The main objective of this study is to verify and assess the ability of preprocessing and postprocessing to improve ensemble streamflow forecasts from the RHEPS. This study differs from previous ones in several important respects. The assessment of statistical processing is done using a spatially distributed hydrological model whereas previous studies have tended to emphasize spatially lumped models. Much of the previous studies have used ECMWF forecasts; here we rely on GEFSRv2 precipitation and temperature outputs. Also, we test and implement a preprocessor, namely heteroscedastic censored logistic regression (HCLR), which has not been used before in streamflow forecasting. We also consider a relatively wider range of basin sizes and longer study period than in previous studies. In particular, this paper addresses the following questions:

• What are the separate and joint contributions of preprocessing and postprocessing over the raw RHEPS outputs?

• What forecast conditions (e.g., lead time, season, flow threshold, and basin size) benefit potential increases in skill?

• How much skill improvement can be expected from statistical processing under different uncertainty scenarios (i.e., when skill is measured relative to observed or simulated flow conditions)?

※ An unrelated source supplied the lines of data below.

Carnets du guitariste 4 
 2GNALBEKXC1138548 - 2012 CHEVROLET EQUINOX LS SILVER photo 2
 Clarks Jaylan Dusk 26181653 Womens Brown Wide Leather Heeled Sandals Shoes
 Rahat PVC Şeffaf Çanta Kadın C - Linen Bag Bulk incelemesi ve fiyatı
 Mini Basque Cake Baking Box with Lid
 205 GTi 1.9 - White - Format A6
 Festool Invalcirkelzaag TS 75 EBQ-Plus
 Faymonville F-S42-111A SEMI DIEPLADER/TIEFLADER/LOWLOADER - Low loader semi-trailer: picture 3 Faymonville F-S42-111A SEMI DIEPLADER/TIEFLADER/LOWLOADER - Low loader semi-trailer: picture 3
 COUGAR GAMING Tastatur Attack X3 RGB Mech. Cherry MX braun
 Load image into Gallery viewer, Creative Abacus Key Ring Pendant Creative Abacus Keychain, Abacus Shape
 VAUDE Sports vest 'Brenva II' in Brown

The remainder of the paper is organized as follows. Section 2 presents the study area. Section 3 describes the different components of the RHEPS. The main results and their implications are examined in Sect. 4. Lastly, Sect. 5 summarizes key findings.

2 Study area

The North Branch Susquehanna River (NBSR) basin in the US Middle Atlantic region (MAR) is selected as the study area (Fig. 1), with an overall drainage area of 12 362 km2. The NBSR basin is selected as flooding is an important regional concern. This region has a relatively high level of urbanization and high frequency of extreme weather events, making it particularly vulnerable to damaging flood events (Gitro et al., 2014; MARFC, 2017). The climate in the upper MAR, where the NBSR basin is located, can be classified as warm, humid summers and snowy, cold winters with frozen precipitation (Polsky et al., 2000). During the cool season, a positive North Atlantic Oscillation phase generally results in increased precipitation amounts and occurrence of heavy snow (Durkee et al., 2007). Thus, flooding in the cool season is dominated by heavy precipitation events accompanied by snowmelt runoff. In the summer season, convective thunderstorms with increased intensity may lead to greater variability in streamflow. In the NBSR basin, we select four different US Geological Survey (USGS) daily gauge stations, representing a system of nested subbasins, as the forecast locations (Fig. 1). The selected locations are the Ostelic River at Cincinnatus (USGS gauge 01510000), Chenango River at Chenango Forks (USGS gauge 01512500), Susquehanna River at Conklin (USGS gauge 01503000), and Susquehanna River at Waverly (USGS gauge 01515000) (Fig. 1). The drainage area of the selected basins ranges from 381 to 12 362 km2. Table 1 outlines some key characteristics of the study basins.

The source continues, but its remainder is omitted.